3,"NEW DELHI, India (CNN) -- A high court in nort...",who was acquitted,[Moninder Singh Pandher],fd7177ee6f1f4d62becd983a0305f503,"[{'end': [216], 'start': [195]}]"
4,"NEW DELHI, India (CNN) -- A high court in nort...",who was sentenced,[Moninder Singh Pandher],cd25c69f631349748ccdeccaace66463,"[{'end': [216], 'start': [195]}]"
...,...,...,...,...,...
74155,"OAKLAND, California (CNN) -- Fifth-grader Chri...",What happened to Christopher Rodriguez?,"[was hit by a stray bullet, paralyzing him for...",c0ac3ef6afb94dbe8e1666b8bfbf5237,"[{'end': [259], 'start': [209]}]"
74156,"OAKLAND, California (CNN) -- Fifth-grader Chri...",What did Christopher Rodriguez love?,[music.],683cfaf6ec1c47189172300b4aaa3f91,"[{'end': [985], 'start': [980]}]"
74157,"OAKLAND, California (CNN) -- Fifth-grader Chri...",WIll the boy walk again?,[paralyzed for life],0da315692fd04023b7205fab7aeeb26e,"[{'end': [701], 'start': [684]}]"
74158,"OAKLAND, California (CNN) -- Fifth-grader Chri...",What did the suspect allegedly rob?,[Chevron gas station],74a4fa2d8548463f8fdf9a370d7ea5ff,"[{'end': [423], 'start': [405]}]"
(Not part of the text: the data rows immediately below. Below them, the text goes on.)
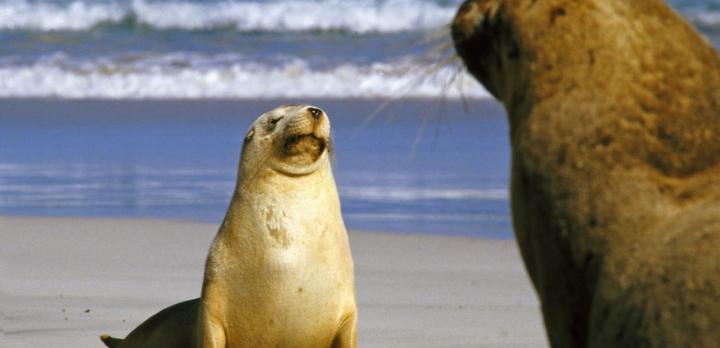 Voyage sur-mesure, Voyage aventure : Kangaroo Island, Flinders range, Désert de Simpson et Centre Rouge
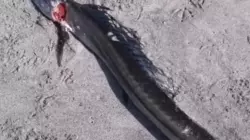 Рыбаки обнаружили на побережье морское чудо с синими глазами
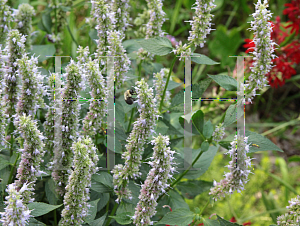 Picture of Agastache  'Blue Fortune'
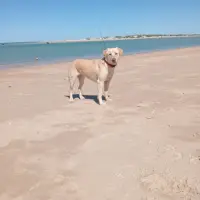 Adopta a Pandora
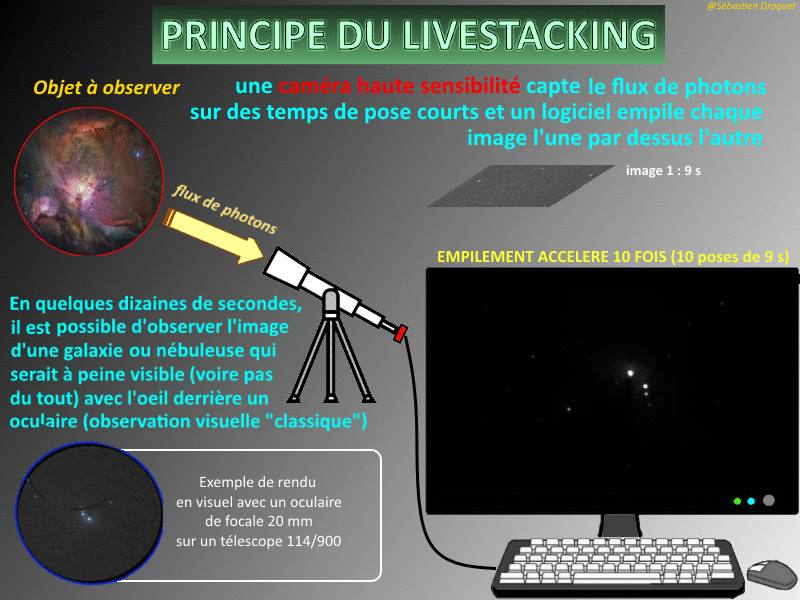 VA Principe livestack.gif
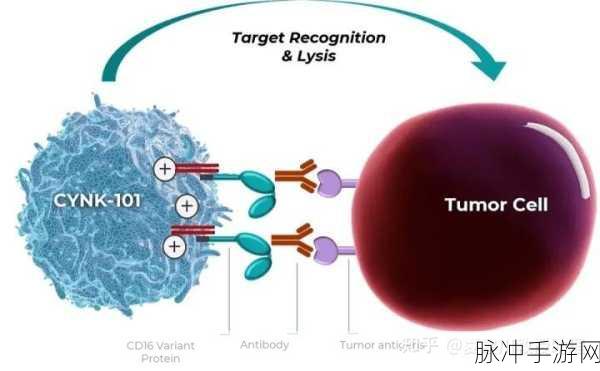 缩小放在nK里：全方位探索：拓展与缩小在nK中的应用与影响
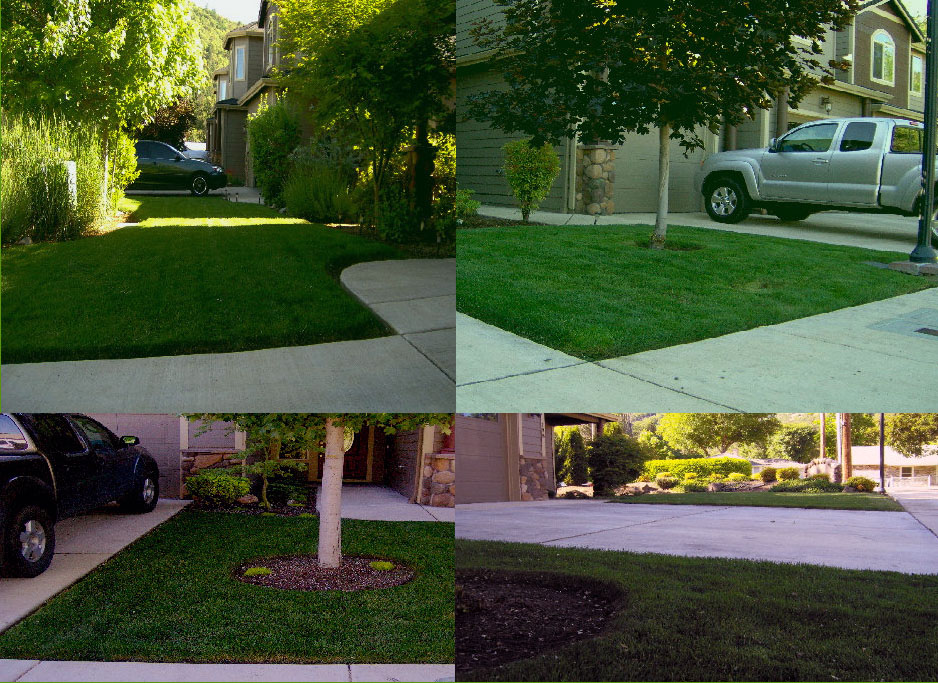 Lawn King Lawn Care Services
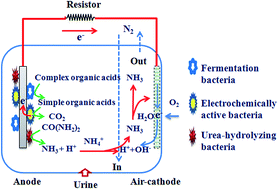 Graphical abstract: Simultaneous current generation and ammonia recovery from real urine using nitrogen-purged bioelectrochemical systems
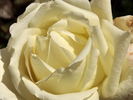 Fürstin Infantin von Hohenzollern rose photo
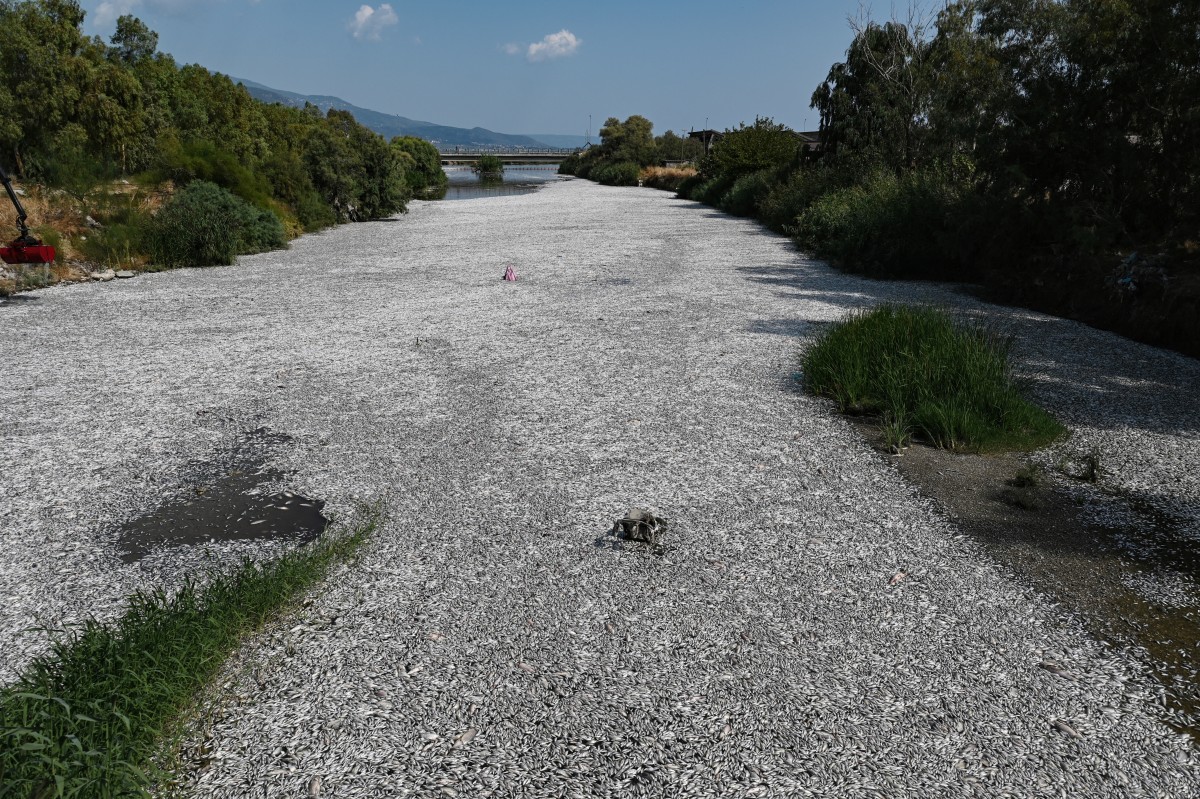 A general view shows dead fish fish floating in the Xiria River near Volos, central Greece, on August 28, 2024. Photo by Sakis MITROLIDIS / AFP.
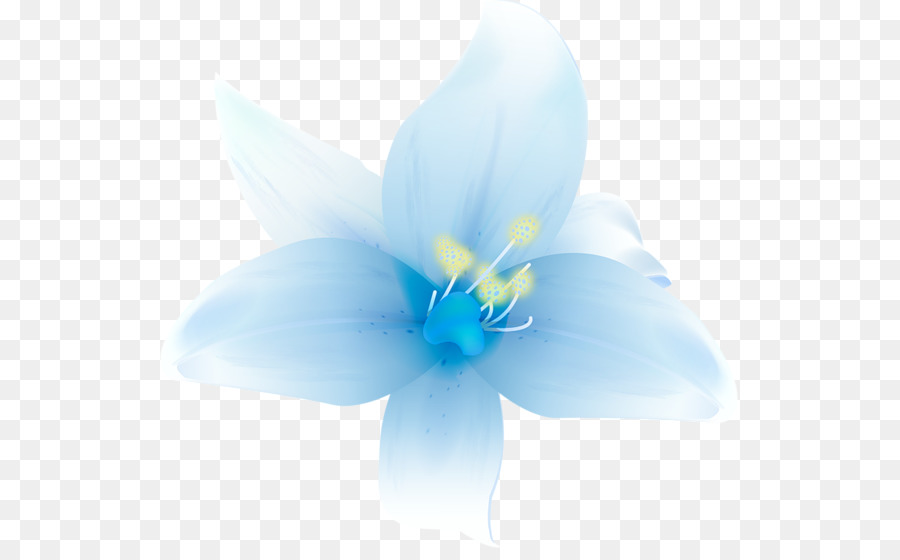 زهرة，Lilium PNG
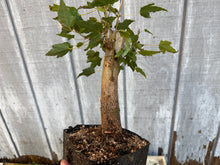 Load image into Gallery viewer, Trident Maple #9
##### 3.Extracting the first article 

In [3]:
text=df["context"][0]
len(text)

1235

##### 4.Splitting the article into sentences

In [4]:
sentences=text.split(".")
sentences

['NEW DELHI, India (CNN) -- A high court in northern India on Friday acquitted a wealthy businessman facing the death sentence for the killing of a teen in a case dubbed "the house of horrors',
 '"\n\n\n\nMoninder Singh Pandher was sentenced to death by a lower court in February',
 '\n\n\n\nThe teen was one of 19 victims -- children and young women -- in one of the most gruesome serial killings in India in recent years',
 '\n\n\n\nThe Allahabad high court has acquitted Moninder Singh Pandher, his lawyer Sikandar B',
 ' Kochar told CNN',
 '\n\n\n\nPandher and his domestic employee Surinder Koli were sentenced to death in February by a lower court for the rape and murder of the 14-year-old',
 "\n\n\n\nThe high court upheld Koli's death sentence, Kochar said",
 '\n\n\n\nThe two were arrested two years ago after body parts packed in plastic bags were found near their home in Noida, a New Delhi suburb',
 ' Their home was later dubbed a "house of horrors" by the Indian media',
 '\n\n\n\nPand

##### 5. Removing non-alphabetical characters

In [5]:
for i in range(len(sentences)):
    st=""
    for j in sentences[i]:
        if j.isalpha() or j==" ":
            st+=j.lower()
    sentences[i]=st
sentences

['new delhi india cnn  a high court in northern india on friday acquitted a wealthy businessman facing the death sentence for the killing of a teen in a case dubbed the house of horrors',
 'moninder singh pandher was sentenced to death by a lower court in february',
 'the teen was one of  victims  children and young women  in one of the most gruesome serial killings in india in recent years',
 'the allahabad high court has acquitted moninder singh pandher his lawyer sikandar b',
 ' kochar told cnn',
 'pandher and his domestic employee surinder koli were sentenced to death in february by a lower court for the rape and murder of the yearold',
 'the high court upheld kolis death sentence kochar said',
 'the two were arrested two years ago after body parts packed in plastic bags were found near their home in noida a new delhi suburb',
 ' their home was later dubbed a house of horrors by the indian media',
 'pandher was not named a main suspect by investigators initially but was summoned as

##### 6. Making a list of unique words

In [6]:
words=[]
for sentence in sentences:
    x = [i.lower() for i in word_tokenize(sentence) if i.isalpha()]
    for word in x:
        if word not in words:
            words.append(word)

##### 7.Function to compute co-occurence values

In [7]:
def co_occurrence(sentences, window_size):
    d=defaultdict(int)
    for i in range(len(words)):
        token = words[i]
        next_token = words[i+1 : i+1+window_size]
        for t in next_token:
            key = tuple( sorted([t, token]) )
            d[key] += 1
    
    df = pd.DataFrame(data=np.zeros((len(words), len(words)), dtype=np.int16),
                      index=words,
                      columns=words)
    for key, value in d.items():
        df.at[key[0], key[1]] = value
        df.at[key[1], key[0]] = value
    df.to_csv("co_occurence_matrix.csv",index=False)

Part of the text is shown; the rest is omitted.